The exhibit titled Accumulations/Interruptions, installations and drawings by Eric Kniss, opens Friday, January 22 with a reception from 5-7pm and a gallery talk at 6pm.  The exhibit runs through February 20, 2016.  Routine gallery hours are 10am-5pm Monday-Friday and 10am-4pm Saturday.  There is no charge to attend the reception or to visit the galleries and everyone is welcome.

A full-time instructor of art at Bridgewater College, Kniss holds a BFA in Ceramics and an MFA in Sculpture.  This past summer, he was granted a fellowship at the Hambidge Center for Creative Arts and Sciences in Georgia where he concentrated on this new collection of drawings which culminate in this solo exhibition.

The exhibit is sponsored by Dr. Earlynn J. Miller and Donald Albright and is also partly funded by the Virginia Commission for the Arts and the National Endowment for the Arts.

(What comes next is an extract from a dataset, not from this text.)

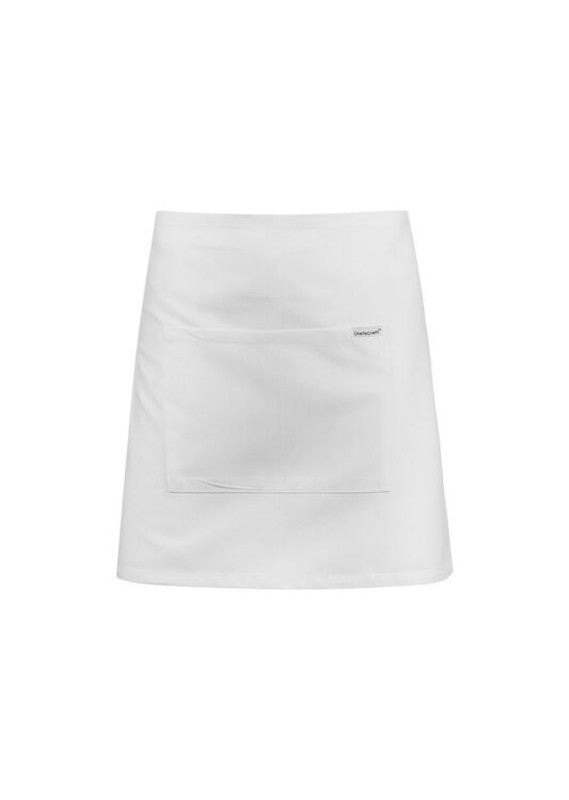 Chefs Craft 1/2 Apron With Pocket CA022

Artist’s Statement: My work as an artist has coalesced into two distinct categories of work: sculpture and drawing. In sculpture, I work with non-traditional materials in unconventional ways, and I make drawings through processes of disruption or interruption in order to undermine my own expectations about drawing. I have viewed these modes of working as autonomous in relation to each other. Over the past few years, however, I have become increasingly aware of both visual and procedural similarities between my drawings and installations of sifted kaolin (clay dust). In both the clay dust sculpture and collage drawings, I implement various kinds of interruptions that contribute to the resulting forms. The work in this show puts forward my most recent engagement in questions about how drawing and sculpture, as autonomous practices might inform, influence, or reform each other.

 

The key concerns in my work with Kaolin have to do with notions of the value of physical labor, the accumulation of material as evidence of time, and challenging prevailing assumptions about material, its uses, and hierarchies of value. My engagement with this material is motivated out of a desire to discover ways in which it might visually reveal (or challenge assumptions of) its own characteristics. I accomplish this by implementing the simple but concentrated and repetitive physical activity of sifting. I am interested in the capacity of physical labor to generate a visceral sense of connectedness to place. As a function of cumulative kinetic and material trace, the work is insinuated upon the space it occupies.

 

I am interested in drawings that evoke a sense of dimensional space and then confound that perception by underscoring the flatness of the drawing’s surface. I intentionally undermine the readability of specific space by repeatedly enacting disruptive actions like tearing or cutting and reassembling. I am interested in the resulting ‘place-ness’ of the drawing that emerges as a result. When a drawing evokes a sense of space, I believe it has the capacity to arouse an association of place. These drawings actualize accumulations of light and shadow as formative material through the process of tracing.